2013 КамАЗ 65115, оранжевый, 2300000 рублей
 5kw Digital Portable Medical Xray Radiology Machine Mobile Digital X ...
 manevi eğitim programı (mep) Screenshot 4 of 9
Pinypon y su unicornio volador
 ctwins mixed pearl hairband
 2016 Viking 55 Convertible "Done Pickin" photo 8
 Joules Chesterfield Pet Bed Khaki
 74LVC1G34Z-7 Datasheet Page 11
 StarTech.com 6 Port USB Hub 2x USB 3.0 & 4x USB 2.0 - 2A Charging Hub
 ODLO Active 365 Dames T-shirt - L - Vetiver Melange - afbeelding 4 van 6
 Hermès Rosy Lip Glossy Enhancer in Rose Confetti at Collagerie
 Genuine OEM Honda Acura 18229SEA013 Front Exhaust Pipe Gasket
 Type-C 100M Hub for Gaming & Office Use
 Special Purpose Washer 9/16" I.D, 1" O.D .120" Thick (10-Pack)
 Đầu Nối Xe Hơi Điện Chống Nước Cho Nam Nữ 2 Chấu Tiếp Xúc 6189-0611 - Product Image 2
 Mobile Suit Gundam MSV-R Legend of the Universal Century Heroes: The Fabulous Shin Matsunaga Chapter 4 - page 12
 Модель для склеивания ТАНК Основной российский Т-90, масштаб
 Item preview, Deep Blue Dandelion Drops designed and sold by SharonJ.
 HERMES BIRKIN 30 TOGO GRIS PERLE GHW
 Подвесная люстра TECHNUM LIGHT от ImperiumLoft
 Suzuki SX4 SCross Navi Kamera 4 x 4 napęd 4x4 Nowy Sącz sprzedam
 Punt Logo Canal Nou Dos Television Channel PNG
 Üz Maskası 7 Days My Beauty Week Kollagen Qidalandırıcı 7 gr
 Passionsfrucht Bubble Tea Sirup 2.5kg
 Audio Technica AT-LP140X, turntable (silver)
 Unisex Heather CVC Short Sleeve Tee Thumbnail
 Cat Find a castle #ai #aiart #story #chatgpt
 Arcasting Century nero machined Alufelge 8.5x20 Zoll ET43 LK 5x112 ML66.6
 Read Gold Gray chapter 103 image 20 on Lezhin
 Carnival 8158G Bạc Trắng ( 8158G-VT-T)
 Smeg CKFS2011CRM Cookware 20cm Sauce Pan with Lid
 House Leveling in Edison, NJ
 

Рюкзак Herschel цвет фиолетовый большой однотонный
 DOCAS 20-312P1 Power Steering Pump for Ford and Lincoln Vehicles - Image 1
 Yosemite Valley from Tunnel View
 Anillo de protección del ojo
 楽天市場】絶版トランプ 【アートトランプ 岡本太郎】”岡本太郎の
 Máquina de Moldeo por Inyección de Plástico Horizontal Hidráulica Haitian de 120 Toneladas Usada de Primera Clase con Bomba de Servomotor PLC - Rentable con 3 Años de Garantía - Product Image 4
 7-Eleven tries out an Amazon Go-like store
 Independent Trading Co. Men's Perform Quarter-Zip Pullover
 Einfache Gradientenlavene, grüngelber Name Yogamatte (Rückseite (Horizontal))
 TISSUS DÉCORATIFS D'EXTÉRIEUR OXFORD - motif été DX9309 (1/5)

* * * * *

▶ **Task details**
The lines to copy are those in the records above containing the word "Mobile".

▶ **Solution to the exercise**
 5kw Digital Portable Medical Xray Radiology Machine Mobile Digital X ...
 Mobile Suit Gundam MSV-R Legend of the Universal Century Heroes: The Fabulous Shin Matsunaga Chapter 4 - page 12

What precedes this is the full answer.